Dopo avere perduto tutto: la famiglia, la patria, la lingua, la cultura si trova catapultata in Svezia dove non comprende la lingua, dove si sente completamente sfasata, dove il paesaggio verdeggiante, silenzioso, pieno di alberi le risulta estraneo ed ostile. Abituata a vivere a Damasco in una casa in mezzo alla città, circondata dal rumore della strada, dei negozi, dei vicini Heba si sente inghiottita dal vuoto silenzioso della foresta che circonda la sua nuova casa. Arrendersi non é possibile, bisogna andare avanti, questo richiede molta forza, ammette la donna, che deve badare anche al suo bimbo.
Nella parte più autobiografica della pellicola, girata a Vienna, la presenza di Sarah Fattahi é mediata da un “doppio” rappresentato dalla scrittrice e poetessa austriaca Ingeborg Bachmann, personificata da Jaschka Lämmert. Lo schermo viene invaso dal riflesso tremolante di una donna bionda sulla lama di un coltello. La donna posa il coltello sul tavolo di un caffe. La cinepresa si sofferma sulle sue mani.

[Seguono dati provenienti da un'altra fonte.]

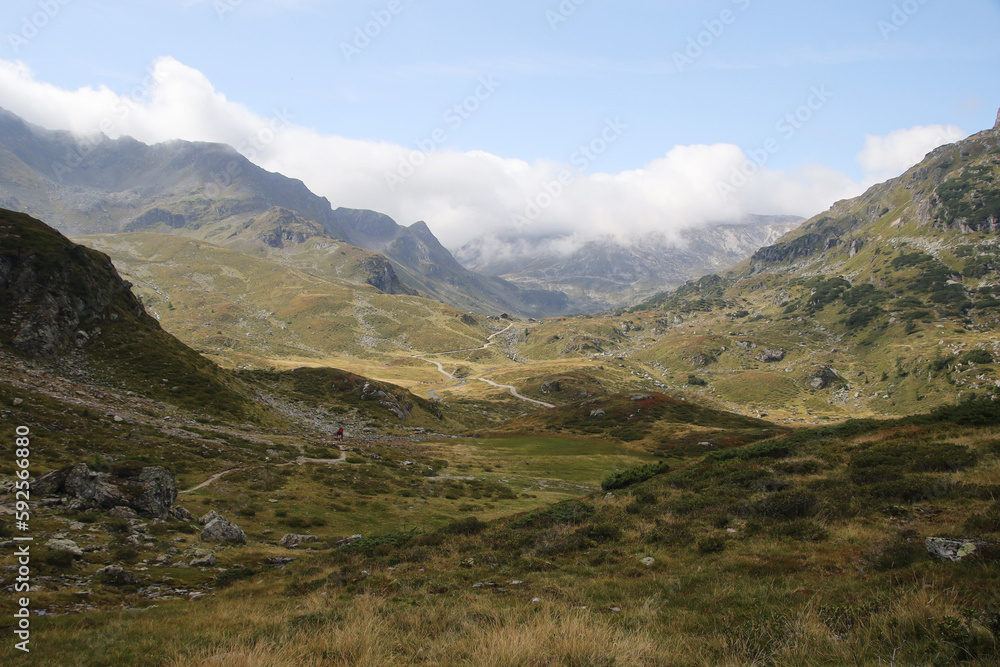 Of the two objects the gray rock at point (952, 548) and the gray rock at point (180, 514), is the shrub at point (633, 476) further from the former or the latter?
the gray rock at point (180, 514)

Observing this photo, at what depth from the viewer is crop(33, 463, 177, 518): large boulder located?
19.3 meters

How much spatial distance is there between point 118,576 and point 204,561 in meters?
3.63

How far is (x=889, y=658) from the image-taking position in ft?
19.9

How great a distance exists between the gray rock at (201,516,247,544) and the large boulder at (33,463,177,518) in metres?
2.36

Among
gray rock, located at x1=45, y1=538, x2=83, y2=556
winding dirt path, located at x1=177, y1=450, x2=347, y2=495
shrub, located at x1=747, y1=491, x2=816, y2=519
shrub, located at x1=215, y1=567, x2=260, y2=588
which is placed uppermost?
shrub, located at x1=747, y1=491, x2=816, y2=519

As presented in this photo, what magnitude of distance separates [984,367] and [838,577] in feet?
677

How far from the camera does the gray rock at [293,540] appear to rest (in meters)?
22.4

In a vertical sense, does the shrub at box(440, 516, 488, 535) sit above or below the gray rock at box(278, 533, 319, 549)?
above

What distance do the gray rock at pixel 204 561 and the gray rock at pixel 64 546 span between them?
3.54 meters

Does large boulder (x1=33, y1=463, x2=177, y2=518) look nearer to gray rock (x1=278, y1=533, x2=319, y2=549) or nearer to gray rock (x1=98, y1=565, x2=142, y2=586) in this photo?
gray rock (x1=278, y1=533, x2=319, y2=549)

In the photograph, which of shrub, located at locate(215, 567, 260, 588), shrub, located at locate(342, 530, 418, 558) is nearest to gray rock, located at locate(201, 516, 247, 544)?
shrub, located at locate(215, 567, 260, 588)

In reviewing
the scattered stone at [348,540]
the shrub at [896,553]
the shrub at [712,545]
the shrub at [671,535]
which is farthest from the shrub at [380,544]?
the shrub at [896,553]

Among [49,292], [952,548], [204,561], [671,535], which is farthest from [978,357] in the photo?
[49,292]

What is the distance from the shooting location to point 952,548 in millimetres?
9852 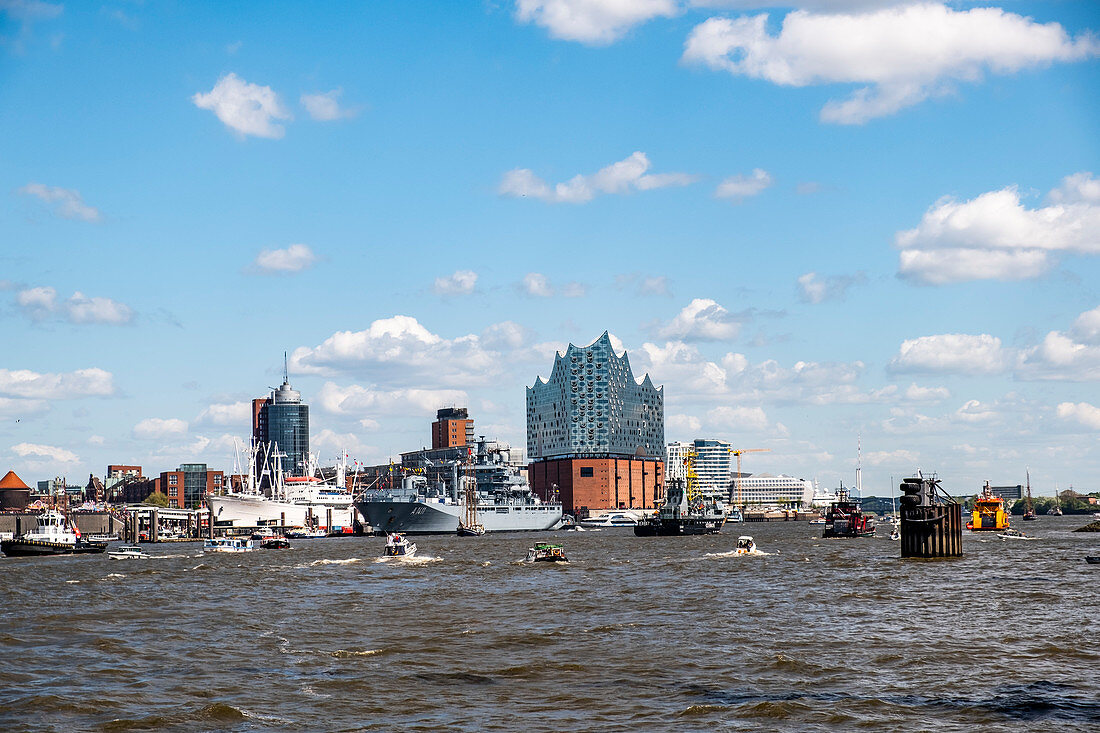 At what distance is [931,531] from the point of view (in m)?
102

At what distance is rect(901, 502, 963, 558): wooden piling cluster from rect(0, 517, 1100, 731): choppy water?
70.0 ft

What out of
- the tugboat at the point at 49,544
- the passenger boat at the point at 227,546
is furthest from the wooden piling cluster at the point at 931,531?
the tugboat at the point at 49,544

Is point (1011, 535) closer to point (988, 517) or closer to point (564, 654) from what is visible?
point (988, 517)

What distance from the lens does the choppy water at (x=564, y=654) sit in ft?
102

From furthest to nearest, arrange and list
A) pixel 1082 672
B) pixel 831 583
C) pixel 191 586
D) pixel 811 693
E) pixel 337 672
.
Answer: pixel 191 586 → pixel 831 583 → pixel 337 672 → pixel 1082 672 → pixel 811 693

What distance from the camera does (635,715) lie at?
3077cm

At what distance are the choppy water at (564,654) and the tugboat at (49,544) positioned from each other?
54.7 m

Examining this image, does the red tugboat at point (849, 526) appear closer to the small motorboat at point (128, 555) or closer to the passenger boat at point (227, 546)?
the passenger boat at point (227, 546)

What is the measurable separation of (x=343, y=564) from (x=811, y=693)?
80.8 metres

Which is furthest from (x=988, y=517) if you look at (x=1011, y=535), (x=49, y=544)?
(x=49, y=544)

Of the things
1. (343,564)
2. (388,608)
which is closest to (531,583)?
(388,608)

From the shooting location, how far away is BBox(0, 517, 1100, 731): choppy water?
31203 millimetres

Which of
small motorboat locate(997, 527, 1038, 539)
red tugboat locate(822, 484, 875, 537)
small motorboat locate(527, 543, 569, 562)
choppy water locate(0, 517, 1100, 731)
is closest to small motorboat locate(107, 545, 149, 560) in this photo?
choppy water locate(0, 517, 1100, 731)

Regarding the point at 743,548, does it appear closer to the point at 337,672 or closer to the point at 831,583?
the point at 831,583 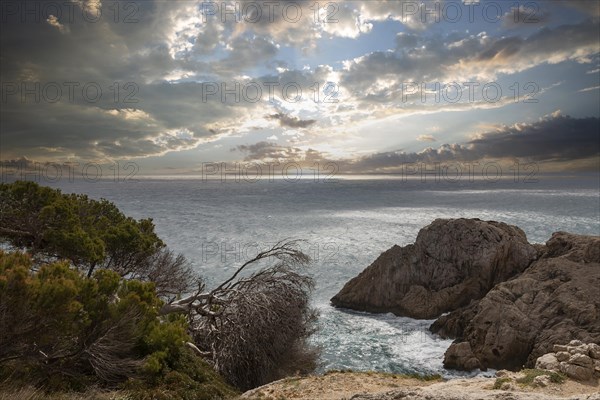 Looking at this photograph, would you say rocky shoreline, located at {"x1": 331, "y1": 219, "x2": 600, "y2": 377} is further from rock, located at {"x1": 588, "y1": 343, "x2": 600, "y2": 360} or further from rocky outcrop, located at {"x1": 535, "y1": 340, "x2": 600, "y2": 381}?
rock, located at {"x1": 588, "y1": 343, "x2": 600, "y2": 360}

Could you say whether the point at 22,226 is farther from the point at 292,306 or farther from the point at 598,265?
the point at 598,265

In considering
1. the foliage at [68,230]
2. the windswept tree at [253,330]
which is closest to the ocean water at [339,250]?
the windswept tree at [253,330]

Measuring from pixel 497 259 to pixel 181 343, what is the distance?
24677mm

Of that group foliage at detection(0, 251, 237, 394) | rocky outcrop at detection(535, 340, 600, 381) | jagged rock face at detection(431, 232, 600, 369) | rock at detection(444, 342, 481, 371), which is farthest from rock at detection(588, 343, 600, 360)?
foliage at detection(0, 251, 237, 394)

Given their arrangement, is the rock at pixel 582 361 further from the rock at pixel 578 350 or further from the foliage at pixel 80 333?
the foliage at pixel 80 333

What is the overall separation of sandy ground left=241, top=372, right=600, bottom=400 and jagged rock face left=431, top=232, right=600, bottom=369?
354 inches

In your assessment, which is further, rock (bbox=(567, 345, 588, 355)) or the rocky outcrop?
rock (bbox=(567, 345, 588, 355))

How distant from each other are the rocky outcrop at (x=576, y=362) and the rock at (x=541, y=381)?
2.88 ft

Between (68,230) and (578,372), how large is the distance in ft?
59.0

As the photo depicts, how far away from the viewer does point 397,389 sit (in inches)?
373

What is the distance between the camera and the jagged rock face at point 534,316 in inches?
787

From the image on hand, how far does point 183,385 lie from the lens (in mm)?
11297

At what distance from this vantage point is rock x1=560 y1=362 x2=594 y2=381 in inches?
447

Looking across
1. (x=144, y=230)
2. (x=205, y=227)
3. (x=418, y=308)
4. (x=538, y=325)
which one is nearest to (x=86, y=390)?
(x=144, y=230)
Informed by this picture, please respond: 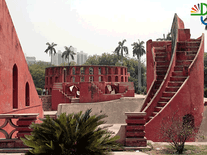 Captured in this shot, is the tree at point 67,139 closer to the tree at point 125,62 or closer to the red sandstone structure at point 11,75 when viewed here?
the red sandstone structure at point 11,75

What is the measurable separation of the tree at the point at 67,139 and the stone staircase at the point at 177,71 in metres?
6.01

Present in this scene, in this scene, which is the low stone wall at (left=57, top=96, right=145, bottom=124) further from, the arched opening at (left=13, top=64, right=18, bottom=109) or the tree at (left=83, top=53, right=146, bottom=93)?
the tree at (left=83, top=53, right=146, bottom=93)

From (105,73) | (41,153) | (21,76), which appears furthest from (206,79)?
(41,153)

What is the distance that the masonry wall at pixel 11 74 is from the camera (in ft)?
26.4

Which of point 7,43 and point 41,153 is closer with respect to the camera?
point 41,153

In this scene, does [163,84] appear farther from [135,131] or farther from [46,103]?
[46,103]

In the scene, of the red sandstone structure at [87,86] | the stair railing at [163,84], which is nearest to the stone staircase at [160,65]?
the stair railing at [163,84]

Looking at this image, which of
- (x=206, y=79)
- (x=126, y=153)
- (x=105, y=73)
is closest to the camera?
(x=126, y=153)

In off si sente la voce di Ingeborg Bachmann – nume tutelare della regista – parlare dell’orrore del tempo presente. Gli incubi notturni, dice la poetessa, rivelano della certezza di uno sterminio totale a venire. “Non voglio parlare né in questo libro né in nessun altro libro direttamente della guerra” aggiunge Bachmann “la guerra é terribile e tutti possono scrivere sulla guerra. Ecco, io vorrei soprattutto scrivere della pace perché quello che noi chiamiamo guerra non é in realtà null’altro che l’esplosione ultima di ciò che noi chiamiamo comunemente pace ma che in realtà costituisce la vera guerra.”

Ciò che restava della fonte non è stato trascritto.